Forward Propagation
-------------------

Definition:

.. code-block:: python

    forward_propagate(input_vector: Matrix): -> tuple[Matrix, tuple[list[Matrix], list[Matrix]]]

If ``input_matrix`` is not a column vector, a ``ValueError`` will be raised.

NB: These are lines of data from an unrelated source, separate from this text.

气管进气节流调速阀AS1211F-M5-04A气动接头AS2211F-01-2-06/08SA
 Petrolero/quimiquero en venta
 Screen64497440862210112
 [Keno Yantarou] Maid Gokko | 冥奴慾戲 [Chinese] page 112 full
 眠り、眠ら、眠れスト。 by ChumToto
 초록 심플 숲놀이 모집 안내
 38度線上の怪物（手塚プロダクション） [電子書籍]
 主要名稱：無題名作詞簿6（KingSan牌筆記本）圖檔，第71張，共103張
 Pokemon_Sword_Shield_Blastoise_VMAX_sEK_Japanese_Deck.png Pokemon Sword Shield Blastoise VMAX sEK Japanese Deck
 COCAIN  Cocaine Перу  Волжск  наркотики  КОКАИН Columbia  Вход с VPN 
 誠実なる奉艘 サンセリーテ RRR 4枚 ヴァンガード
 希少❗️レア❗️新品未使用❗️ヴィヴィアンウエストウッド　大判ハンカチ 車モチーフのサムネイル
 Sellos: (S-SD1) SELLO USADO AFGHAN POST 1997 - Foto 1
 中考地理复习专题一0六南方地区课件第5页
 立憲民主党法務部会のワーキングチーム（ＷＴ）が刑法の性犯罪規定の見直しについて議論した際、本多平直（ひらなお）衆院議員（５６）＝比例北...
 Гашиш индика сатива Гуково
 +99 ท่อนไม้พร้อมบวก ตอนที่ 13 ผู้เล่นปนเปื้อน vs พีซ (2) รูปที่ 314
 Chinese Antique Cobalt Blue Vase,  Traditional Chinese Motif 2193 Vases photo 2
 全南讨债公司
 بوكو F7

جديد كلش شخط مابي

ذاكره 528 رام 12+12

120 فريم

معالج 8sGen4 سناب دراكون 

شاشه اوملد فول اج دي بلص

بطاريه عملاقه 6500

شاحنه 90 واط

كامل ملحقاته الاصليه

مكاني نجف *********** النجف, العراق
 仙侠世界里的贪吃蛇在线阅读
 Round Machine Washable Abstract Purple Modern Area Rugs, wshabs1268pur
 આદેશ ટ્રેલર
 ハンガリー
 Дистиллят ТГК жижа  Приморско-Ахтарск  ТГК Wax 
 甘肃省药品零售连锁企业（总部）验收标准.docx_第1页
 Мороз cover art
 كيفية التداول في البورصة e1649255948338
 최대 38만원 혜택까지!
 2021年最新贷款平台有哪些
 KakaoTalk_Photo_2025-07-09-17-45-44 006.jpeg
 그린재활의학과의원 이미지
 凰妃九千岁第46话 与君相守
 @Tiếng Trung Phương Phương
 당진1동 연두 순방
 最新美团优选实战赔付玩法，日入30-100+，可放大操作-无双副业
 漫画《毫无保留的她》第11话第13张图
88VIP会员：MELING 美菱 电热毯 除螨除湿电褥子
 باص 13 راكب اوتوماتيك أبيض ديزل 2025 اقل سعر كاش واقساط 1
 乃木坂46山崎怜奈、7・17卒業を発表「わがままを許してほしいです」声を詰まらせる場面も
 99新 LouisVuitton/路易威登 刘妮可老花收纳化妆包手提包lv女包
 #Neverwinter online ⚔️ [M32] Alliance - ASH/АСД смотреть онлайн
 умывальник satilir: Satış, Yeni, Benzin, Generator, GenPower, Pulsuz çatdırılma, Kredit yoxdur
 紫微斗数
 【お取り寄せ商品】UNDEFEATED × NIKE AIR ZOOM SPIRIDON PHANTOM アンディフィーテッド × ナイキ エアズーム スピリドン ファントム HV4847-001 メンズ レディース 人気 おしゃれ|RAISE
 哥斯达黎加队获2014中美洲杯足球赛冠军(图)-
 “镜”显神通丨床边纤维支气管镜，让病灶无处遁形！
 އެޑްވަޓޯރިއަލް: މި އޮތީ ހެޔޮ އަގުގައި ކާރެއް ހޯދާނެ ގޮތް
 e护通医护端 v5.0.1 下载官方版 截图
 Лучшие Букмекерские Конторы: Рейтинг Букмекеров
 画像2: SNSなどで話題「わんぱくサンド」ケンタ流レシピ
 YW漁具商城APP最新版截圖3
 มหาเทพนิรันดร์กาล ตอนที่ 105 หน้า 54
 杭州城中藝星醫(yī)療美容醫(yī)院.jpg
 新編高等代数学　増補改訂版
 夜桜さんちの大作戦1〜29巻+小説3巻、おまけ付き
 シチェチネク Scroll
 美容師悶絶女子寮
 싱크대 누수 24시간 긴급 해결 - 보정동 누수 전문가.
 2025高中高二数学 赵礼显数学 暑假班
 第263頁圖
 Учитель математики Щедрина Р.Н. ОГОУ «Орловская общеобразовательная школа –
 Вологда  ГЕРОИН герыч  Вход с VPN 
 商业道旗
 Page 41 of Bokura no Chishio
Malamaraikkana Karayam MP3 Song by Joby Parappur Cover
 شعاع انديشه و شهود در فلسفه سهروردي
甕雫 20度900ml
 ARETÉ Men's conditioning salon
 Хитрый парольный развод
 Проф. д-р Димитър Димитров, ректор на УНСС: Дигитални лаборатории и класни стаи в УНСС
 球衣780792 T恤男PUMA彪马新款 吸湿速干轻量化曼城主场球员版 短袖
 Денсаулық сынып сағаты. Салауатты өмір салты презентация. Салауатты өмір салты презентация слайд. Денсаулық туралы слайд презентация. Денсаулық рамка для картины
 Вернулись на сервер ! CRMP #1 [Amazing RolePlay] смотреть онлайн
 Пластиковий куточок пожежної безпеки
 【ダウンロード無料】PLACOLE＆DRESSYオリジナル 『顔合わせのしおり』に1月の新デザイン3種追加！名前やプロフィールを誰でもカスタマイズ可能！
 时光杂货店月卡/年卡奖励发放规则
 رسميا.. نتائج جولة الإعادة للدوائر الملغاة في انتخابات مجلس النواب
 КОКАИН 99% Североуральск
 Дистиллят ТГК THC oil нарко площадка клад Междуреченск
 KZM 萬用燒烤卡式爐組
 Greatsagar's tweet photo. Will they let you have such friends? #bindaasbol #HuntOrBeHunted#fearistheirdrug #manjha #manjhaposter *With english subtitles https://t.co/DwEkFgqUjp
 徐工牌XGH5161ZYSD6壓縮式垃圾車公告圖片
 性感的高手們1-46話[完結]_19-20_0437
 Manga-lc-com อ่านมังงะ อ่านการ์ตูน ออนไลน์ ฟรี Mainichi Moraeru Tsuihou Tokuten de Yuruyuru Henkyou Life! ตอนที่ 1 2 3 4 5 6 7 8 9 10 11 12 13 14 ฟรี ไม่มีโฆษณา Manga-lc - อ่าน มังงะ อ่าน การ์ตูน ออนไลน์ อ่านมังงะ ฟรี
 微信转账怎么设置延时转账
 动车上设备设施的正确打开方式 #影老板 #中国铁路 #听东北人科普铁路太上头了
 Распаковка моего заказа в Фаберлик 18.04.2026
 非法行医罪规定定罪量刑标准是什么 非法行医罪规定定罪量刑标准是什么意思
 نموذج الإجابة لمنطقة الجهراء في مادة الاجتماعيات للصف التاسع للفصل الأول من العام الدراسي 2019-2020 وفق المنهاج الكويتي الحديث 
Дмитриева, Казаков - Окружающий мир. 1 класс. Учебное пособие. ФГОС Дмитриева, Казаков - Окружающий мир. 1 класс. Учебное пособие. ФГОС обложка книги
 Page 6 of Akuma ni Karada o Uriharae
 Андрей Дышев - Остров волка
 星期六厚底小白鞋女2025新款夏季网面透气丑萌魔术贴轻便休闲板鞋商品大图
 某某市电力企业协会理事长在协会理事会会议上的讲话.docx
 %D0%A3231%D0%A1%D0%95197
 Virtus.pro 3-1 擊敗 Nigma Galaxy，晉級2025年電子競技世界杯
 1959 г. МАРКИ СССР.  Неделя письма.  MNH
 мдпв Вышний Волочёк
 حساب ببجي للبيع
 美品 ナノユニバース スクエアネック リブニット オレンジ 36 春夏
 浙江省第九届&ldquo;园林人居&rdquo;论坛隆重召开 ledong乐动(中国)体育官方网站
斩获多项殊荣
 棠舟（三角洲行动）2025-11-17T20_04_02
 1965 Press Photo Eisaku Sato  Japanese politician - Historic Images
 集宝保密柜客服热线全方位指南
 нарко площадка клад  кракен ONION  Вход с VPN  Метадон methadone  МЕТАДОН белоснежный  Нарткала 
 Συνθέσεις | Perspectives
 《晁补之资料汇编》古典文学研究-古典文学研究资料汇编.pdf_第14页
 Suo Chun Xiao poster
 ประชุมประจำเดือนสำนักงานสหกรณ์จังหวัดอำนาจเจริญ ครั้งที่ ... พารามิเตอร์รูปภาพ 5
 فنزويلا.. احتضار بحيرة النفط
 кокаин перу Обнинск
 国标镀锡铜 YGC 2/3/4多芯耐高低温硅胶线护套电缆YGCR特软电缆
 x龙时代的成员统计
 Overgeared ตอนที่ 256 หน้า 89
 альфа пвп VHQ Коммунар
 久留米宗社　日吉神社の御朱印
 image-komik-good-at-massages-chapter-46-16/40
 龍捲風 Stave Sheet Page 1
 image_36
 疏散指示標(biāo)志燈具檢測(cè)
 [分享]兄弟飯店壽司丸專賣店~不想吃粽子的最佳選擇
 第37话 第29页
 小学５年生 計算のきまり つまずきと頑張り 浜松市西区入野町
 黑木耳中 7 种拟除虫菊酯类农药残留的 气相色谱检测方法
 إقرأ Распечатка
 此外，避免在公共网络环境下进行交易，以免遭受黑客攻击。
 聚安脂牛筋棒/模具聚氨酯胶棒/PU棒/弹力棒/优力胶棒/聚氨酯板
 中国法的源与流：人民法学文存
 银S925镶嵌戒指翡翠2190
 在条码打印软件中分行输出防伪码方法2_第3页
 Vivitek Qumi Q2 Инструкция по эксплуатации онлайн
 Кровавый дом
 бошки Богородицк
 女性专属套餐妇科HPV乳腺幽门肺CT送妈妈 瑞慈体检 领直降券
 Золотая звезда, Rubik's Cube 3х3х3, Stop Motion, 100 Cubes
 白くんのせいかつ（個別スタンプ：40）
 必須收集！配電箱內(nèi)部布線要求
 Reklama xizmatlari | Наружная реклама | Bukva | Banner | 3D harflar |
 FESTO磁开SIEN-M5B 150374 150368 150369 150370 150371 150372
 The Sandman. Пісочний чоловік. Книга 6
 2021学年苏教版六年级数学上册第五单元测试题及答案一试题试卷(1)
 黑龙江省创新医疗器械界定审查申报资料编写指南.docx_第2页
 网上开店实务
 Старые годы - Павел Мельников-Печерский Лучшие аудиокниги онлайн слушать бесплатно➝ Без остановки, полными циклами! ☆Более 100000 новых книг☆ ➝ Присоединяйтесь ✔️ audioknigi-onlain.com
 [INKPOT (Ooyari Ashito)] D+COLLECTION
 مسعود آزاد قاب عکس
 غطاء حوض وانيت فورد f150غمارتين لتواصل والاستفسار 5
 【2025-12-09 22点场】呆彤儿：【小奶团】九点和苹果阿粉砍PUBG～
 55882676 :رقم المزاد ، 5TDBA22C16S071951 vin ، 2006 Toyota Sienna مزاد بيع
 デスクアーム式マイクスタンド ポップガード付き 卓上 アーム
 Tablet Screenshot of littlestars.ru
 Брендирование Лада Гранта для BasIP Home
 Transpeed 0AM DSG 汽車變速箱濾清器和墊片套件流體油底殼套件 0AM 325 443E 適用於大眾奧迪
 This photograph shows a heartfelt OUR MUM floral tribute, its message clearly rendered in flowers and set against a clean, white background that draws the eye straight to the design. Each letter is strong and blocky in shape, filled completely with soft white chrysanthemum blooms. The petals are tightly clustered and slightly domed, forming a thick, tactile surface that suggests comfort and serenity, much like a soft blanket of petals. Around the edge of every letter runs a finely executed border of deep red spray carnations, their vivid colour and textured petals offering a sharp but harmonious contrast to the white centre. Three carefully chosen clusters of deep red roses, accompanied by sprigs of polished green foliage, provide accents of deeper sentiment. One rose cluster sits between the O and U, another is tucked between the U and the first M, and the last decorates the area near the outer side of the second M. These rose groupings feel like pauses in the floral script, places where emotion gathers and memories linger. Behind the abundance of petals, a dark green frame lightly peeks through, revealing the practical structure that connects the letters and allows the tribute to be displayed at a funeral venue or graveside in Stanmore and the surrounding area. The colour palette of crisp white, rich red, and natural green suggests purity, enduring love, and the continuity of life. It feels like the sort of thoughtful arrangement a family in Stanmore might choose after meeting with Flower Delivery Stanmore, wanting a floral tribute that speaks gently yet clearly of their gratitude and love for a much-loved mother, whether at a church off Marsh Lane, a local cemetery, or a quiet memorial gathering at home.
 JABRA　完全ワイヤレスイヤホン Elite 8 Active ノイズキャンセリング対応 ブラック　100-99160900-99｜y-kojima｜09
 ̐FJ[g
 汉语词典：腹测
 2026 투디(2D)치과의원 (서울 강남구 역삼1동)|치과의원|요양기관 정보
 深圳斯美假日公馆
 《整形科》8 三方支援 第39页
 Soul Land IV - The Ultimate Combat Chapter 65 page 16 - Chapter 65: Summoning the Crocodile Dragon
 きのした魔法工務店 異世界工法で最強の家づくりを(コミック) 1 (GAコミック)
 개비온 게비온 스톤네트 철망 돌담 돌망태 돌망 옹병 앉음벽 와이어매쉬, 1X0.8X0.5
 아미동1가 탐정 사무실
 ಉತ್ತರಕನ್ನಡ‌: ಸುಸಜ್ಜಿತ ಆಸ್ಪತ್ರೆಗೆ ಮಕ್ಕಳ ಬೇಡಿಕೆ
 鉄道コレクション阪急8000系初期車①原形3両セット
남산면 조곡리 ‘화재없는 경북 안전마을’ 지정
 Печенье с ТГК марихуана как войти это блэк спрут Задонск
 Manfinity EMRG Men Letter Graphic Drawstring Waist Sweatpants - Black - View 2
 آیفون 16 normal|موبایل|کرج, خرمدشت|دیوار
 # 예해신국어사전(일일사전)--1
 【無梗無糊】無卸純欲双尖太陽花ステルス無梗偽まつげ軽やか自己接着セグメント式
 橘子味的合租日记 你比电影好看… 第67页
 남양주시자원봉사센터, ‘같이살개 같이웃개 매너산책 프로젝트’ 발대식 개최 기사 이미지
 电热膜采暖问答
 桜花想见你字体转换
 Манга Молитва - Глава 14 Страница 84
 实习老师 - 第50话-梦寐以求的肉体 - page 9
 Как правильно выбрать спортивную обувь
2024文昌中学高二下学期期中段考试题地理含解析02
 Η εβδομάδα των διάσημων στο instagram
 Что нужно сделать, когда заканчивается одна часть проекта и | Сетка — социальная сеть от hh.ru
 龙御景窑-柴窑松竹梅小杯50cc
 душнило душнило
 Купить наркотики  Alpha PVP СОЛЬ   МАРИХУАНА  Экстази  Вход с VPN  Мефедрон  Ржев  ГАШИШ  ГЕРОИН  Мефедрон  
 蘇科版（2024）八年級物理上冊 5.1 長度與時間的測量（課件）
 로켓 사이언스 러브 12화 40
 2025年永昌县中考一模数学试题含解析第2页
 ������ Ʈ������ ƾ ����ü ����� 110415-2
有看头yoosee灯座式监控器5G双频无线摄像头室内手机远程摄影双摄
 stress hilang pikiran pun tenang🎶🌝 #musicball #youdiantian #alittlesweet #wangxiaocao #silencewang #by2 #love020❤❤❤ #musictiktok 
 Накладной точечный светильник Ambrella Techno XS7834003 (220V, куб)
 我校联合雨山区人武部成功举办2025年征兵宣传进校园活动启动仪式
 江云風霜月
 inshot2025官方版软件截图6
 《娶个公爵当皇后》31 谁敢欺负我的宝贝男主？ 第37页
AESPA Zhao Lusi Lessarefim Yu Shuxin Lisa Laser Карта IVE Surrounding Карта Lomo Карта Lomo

Let :math:`L` be the number of layers, :math:`\left(W^{(1)},\cdots,W^{(L-1)}\right)` be the 
:math:`L-1` weight matrices and :math:`\left(B^{(1)},\cdots,B^{(L-1)}\right)` be the 
:math:`L-1` bias matrices. We iteratively compute the output of the MLP 
based on the input vector :math:`A^{(0)}=X` via the recursive formula:

.. math::

    \forall i \in [1, L], \quad A^{(i)} = f\left(W^{(i)}\cdot A^{(i-1)} + B^{(i)}\right),

where :math:`f` is the hidden layers activation function if :math:`i < L` and 
is the output layer activation function if :math:`i = L`.
The output is hence the last column matrix :math:`A^{(L)}`.

The method returns a tuple ``(output_vector, (activations, pre_activations))``.

``output_vector`` is self explanatory: the :math:`A^{(L)}` vector as a ``Matrix`` instance.

``activations``: the list of the :math:`A^{(i)}` column vectors.

``pre_activations``: the list of the :math:`A^{(i)}` vectors before evaluating the activation function,
meaning the :math:`Z^{(i)}` column vectors (:math:`1\leq i \leq L`) where:

.. math::

    \forall i \in [1, L], \quad Z^{(i)} = W^{(i)}\cdot A^{(i-1)} + B^{(i)}.